= Environmental issues in Greece =

This page covers environmental issues in Greece.

==Acid rain==
Acid rain in Greece, causes big damages in archeological monuments.

==Current policies==
Greece is a signatory member of the Kyoto Protocol but there has been much sharp criticism from the failure to meet their intended targets for cutting carbon emissions. Many have claimed that policies have not been tough enough and the protocol has not been implemented in full owing to large business interests, though the government denies this. The government has also attracted sharp criticism about its waste management plans, as has the Mayor of Athens, though there are plans for new plants to be built to deal with the city's waste surplus. However, spatial planning that is being promoted for the protection of resources from exhaustion, destruction and pollution is part of a wider government plan addressing environmental issues. Many environmental issues in Greece are being solved with the help of the government.

The Athens Metro has also relieved some pressure in terms of car pollution in Athens and the planned Thessaloniki Metro will help the situation there too. The municipality of Athens has also announced a plan to deal with pollution in the city, though the exact details are as yet unknown.
== The European Union and international law ==
The European Union has sued the Greek national government several times due to its failure to uphold EU environmental standards. In 2002, the European Commission sued Greece for failing to take adequate steps to protect sea turtles on the island of Zakynthos. The ECJ ruled in favor of the Commission, stating that Greece "failed to fulfil its obligations under EC Treaty and Article 12(1)(b) and (d) of Council Directive 92/43/EEC of 21 May 1992 on the conservation of natural habitats and of wild fauna and flora." In the Court's words, Greece did not do enough to protect the sea turtle's breeding grounds.

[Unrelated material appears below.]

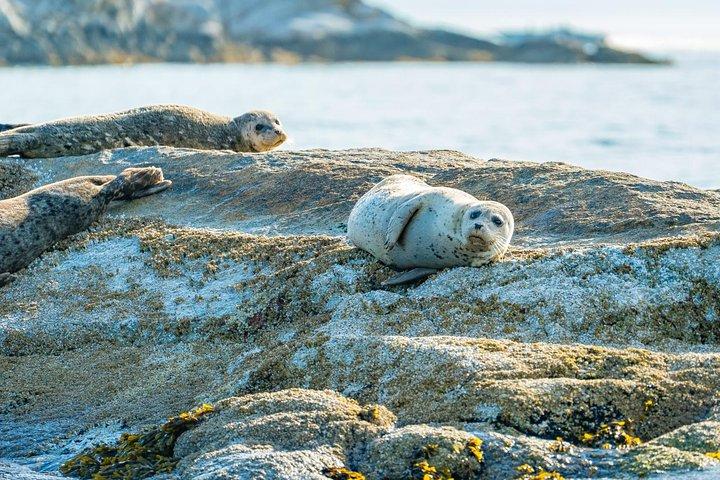 Vancouver City and Seal Colony Scenic Boat Tour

In 2006, the Commission again sued Greece for failing to uphold Directive 92/43/EEC, claiming that the Greek government failed to protect the breeding grounds of vipers (Vipera schweizeri) on the island of Milos. The ECJ sided with the Commission.

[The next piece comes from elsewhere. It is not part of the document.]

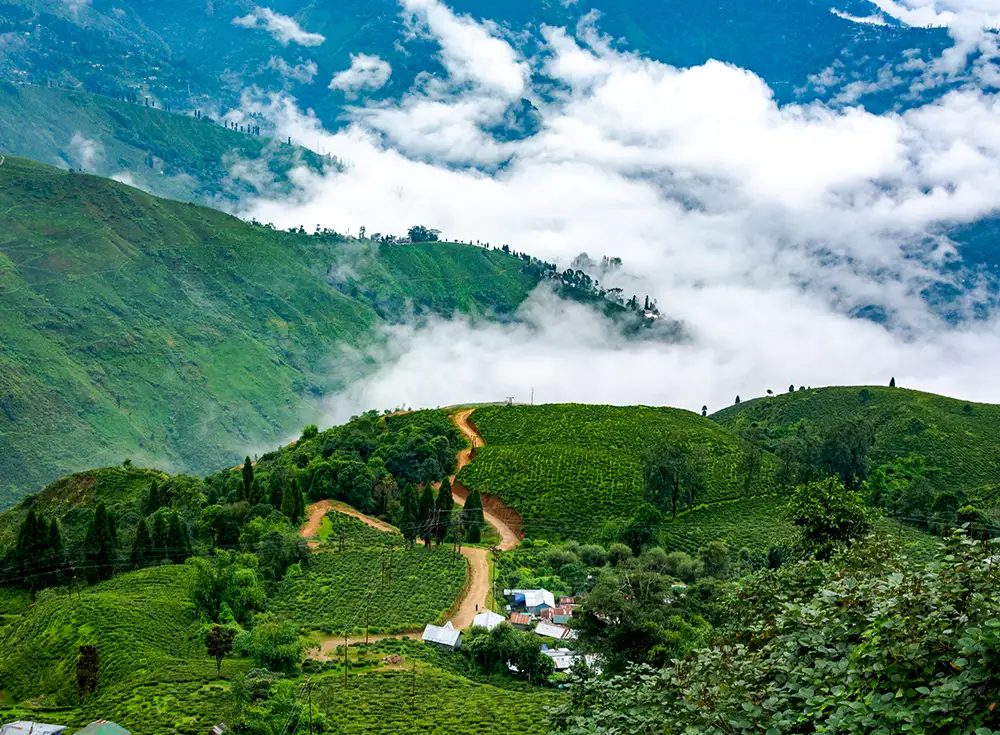 darjeeling tour package from siliguri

In 2020, the Commission sued Greece for a third time, arguing that Greece failed to establish the 239 Sites of Community Importance identified in Commission Decision 2006/613/EC. Sites of Community Importance are areas designated by the European Union as being critical to maintaining biogeographical richness. The ECJ concurred, claiming that "the Hellenic Republic has failed to fulfil its obligations under Articles 4(4) and 6(1) of Council Directive 92/43/EEC of 21 May 1992 on the conservation of natural habitats and of wild fauna and flora, as amended by Council Directive 2006/105/EC of 20 November 2006."

The Greek coastal development law (2024) may trigger another case involving Greece and the European Commission.

The Protocol on Integrated Coastal Zone Management in the Mediterranean, which requires that signatories establish a minimum 100 meter setback zone, was ratified by the European Union in 2009. The Greek national government has not ratified the convention, but, as an EU member state, its current policies are in violation of the agreement.